Data supplied
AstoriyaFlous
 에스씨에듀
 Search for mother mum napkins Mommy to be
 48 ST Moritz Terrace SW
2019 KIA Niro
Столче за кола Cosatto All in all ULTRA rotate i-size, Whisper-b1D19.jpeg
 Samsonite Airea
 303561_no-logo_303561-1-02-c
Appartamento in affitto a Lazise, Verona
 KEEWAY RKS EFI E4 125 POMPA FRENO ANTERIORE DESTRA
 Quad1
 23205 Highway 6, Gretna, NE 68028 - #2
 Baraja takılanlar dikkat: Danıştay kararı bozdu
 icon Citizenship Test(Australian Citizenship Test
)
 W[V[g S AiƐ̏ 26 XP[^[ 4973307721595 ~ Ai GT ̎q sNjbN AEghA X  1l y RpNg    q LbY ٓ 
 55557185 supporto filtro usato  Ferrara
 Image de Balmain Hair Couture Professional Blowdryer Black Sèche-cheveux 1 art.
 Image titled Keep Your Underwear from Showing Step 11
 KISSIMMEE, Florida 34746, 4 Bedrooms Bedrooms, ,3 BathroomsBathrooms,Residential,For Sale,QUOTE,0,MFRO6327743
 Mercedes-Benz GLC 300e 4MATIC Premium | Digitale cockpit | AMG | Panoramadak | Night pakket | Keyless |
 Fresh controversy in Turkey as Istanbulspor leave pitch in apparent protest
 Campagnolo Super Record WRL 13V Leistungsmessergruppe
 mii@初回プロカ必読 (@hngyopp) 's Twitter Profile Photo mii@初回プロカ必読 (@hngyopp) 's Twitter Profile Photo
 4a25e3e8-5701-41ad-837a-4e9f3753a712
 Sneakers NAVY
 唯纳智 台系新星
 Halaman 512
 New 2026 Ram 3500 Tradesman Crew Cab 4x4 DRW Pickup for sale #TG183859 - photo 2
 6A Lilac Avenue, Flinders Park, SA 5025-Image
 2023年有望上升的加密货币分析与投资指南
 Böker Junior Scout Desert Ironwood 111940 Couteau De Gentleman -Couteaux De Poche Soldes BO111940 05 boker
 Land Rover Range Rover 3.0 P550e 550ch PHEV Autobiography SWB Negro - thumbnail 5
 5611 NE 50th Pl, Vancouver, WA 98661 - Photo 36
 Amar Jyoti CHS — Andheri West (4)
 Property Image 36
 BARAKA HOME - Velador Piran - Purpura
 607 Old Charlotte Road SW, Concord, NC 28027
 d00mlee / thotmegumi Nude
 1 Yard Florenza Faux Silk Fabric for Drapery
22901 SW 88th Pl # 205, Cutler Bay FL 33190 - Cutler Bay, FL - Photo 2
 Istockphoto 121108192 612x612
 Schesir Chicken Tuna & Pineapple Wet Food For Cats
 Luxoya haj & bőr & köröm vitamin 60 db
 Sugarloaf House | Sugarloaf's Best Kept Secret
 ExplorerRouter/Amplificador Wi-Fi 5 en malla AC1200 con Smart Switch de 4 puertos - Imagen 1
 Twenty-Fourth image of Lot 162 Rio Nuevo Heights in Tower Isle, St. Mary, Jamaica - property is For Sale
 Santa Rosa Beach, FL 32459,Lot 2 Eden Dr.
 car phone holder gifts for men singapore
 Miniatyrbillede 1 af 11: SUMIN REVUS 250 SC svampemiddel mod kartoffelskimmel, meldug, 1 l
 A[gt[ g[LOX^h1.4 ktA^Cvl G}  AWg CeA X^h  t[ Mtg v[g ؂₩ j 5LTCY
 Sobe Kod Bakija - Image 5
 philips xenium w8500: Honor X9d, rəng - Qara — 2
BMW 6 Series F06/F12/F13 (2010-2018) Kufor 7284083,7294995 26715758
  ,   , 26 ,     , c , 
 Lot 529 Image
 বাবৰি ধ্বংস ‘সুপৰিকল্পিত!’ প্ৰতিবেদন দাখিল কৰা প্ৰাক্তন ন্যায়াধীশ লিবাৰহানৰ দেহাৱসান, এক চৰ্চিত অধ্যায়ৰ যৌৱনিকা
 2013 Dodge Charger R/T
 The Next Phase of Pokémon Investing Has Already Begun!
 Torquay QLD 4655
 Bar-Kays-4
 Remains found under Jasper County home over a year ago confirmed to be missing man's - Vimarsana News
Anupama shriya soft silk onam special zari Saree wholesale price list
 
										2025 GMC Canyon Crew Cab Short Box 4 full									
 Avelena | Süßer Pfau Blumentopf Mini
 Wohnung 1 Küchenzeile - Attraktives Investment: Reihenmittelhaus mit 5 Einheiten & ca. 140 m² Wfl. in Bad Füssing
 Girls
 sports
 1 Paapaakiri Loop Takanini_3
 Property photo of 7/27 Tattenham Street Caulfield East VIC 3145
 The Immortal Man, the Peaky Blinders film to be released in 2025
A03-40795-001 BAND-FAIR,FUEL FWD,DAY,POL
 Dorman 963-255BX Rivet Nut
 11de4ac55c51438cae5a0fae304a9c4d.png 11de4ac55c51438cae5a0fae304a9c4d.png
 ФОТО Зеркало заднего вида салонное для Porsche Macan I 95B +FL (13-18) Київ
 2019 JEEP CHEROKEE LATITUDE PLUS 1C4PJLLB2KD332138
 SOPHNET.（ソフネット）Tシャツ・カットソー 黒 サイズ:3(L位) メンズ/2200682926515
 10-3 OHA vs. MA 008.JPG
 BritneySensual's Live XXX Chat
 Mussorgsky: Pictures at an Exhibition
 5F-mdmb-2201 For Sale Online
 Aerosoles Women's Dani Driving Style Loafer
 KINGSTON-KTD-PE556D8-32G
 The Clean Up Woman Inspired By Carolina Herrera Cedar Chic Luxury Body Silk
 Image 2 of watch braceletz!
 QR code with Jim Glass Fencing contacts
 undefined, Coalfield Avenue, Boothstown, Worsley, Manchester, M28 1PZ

What the task asks
Reproduce word for word the material above, starting with the line that has "বাবৰি ধ্বংস ‘সুপৰিকল্পিত!’" and stopping after the line that has "Remains found under".

Written answer
 বাবৰি ধ্বংস ‘সুপৰিকল্পিত!’ প্ৰতিবেদন দাখিল কৰা প্ৰাক্তন ন্যায়াধীশ লিবাৰহানৰ দেহাৱসান, এক চৰ্চিত অধ্যায়ৰ যৌৱনিকা
 2013 Dodge Charger R/T
 The Next Phase of Pokémon Investing Has Already Begun!
 Torquay QLD 4655
 Bar-Kays-4
 Remains found under Jasper County home over a year ago confirmed to be missing man's - Vimarsana News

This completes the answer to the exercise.